Gov. Tony Evers delivered a full-throated defense of democracy in his graceful second inaugural address this week.
“Each time this oath is taken is a profound display of democracy,” he said. “One much like the fundamental right to cast a ballot; like the right to have fair and secure elections, free from interference by politicians; like the fidelity to each other to willfully return borrowed power when it’s no longer ours to bear.”
He didn’t mention Donald Trump by name, but he didn’t have to.
“Today represents a defining feature and an extraordinary expression of what makes our state and our country great: that the functions of democracy are derived not from any one person, any one office, or any one party, but from all of us, together,” he said.
Perhaps obliquely referring to Tim Michels’ campaign claim that Republicans would never lose another election if Michels won, Evers said: “This past November, Wisconsin rejected a trajectory bent toward permanently undermining the tenets and institutions that are fundamental to who we are as a people.”
Evers may also have been referring to Michels’s and other Republicans’ pledges to destroy the Wisconsin Elections Commission.
And Evers may even have been referring to the outrageous scheme by Sen. Ron Johnson and Donald Trump to have the Wisconsin Legislature simply toss out our votes and declare that Trump won.
Andrew Hitt, then-chair of the Wisconsin Republican Party, provided the House Jan. 6 select committee with a text confirming that Johnson contacted him on Dec. 7, 2020, with this alarmingly anti-democratic idea.
“Ron called me … and now is arguing for us to have the legislature choose the electors. OMG,” said Hitt’s text message, among the items revealed in the select committee’s final report issued at the end of 2022.
Evers also made a claim that Wisconsinites said no to demagoguery. “Wisconsin rejected a rhetoric born out of apathy and animosity toward our neighbors. And Wisconsin rejected a return to the bitter politics of resentment…. Given the opportunity to further enable cynicism and hate, Wisconsinites chose kindness and they chose hope instead.”
I’m not sure Mandela Barnes would agree with that latter characterization, given the disgustingly racist campaign from Ron Johnson and Diane Hendricks and Richard Uihlein that Barnes was hit with.
But kindness and hope are nice grace notes to hit, even if Evers exaggerated them.
Toward the end of his speech, Evers returned to his theme of democracy.
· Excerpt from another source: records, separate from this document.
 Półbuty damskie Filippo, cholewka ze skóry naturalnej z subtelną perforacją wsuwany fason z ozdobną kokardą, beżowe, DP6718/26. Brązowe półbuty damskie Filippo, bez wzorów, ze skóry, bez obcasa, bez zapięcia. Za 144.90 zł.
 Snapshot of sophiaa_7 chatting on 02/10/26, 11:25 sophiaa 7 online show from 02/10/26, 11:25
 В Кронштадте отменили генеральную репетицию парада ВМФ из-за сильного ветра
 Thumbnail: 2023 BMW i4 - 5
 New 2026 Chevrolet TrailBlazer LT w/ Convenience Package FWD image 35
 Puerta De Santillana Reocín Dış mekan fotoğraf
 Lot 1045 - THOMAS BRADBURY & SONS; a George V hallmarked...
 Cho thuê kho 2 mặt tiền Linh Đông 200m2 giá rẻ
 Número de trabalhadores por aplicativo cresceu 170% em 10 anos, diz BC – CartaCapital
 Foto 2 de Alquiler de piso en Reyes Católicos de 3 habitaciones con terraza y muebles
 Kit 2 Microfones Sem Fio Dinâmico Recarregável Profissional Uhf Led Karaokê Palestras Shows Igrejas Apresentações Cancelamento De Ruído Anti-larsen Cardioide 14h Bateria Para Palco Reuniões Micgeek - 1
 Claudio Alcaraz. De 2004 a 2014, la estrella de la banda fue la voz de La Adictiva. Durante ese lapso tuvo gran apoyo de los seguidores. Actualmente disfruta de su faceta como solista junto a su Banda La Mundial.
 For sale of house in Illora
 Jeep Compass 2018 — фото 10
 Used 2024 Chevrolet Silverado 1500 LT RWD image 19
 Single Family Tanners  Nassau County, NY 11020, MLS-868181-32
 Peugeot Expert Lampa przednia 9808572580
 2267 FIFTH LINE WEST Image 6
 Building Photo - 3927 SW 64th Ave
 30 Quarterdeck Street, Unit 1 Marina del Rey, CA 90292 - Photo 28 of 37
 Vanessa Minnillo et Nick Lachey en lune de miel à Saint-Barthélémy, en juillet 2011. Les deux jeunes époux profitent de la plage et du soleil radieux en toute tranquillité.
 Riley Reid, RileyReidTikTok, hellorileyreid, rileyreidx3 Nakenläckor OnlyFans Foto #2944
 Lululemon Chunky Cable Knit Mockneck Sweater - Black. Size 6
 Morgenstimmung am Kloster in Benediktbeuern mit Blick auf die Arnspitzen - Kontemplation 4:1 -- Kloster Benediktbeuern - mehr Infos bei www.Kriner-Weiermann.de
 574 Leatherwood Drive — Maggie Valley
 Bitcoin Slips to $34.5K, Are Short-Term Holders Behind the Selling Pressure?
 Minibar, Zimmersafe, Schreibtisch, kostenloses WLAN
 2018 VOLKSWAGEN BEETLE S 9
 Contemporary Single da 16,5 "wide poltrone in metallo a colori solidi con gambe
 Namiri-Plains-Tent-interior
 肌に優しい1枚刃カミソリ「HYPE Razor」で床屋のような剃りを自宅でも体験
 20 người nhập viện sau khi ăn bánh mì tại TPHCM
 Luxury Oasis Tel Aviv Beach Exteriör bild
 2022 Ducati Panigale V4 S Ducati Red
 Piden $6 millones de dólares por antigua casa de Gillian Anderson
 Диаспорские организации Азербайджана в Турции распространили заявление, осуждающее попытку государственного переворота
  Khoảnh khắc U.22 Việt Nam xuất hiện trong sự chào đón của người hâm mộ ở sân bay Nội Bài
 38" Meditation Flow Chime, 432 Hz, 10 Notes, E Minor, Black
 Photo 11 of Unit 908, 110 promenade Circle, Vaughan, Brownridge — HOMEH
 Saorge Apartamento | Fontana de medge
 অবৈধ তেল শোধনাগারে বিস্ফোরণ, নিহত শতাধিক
“I know there are those who chose to cast their ballot this past November feeling the weight of a republic on the brink.” he said. “And Wisconsinites of every background, identity, and creed went into that ballot box believing that, together, we could correct that course, and on November 8th, they might’ve cast their ballot for me, but they cast their ballot for democracy, too.”
But he was clear-eyed that democracy wasn’t out of the woods yet.
“Not one of us alone can undo the damage that’s been caused to our democracy,” he said. “Not one of us alone can mend the seams of this fraying fabric. Not one of us alone can restore trust in a system that has served our country for centuries. But together we can. And together we will.”
This was an inspiring address, one that met the moment.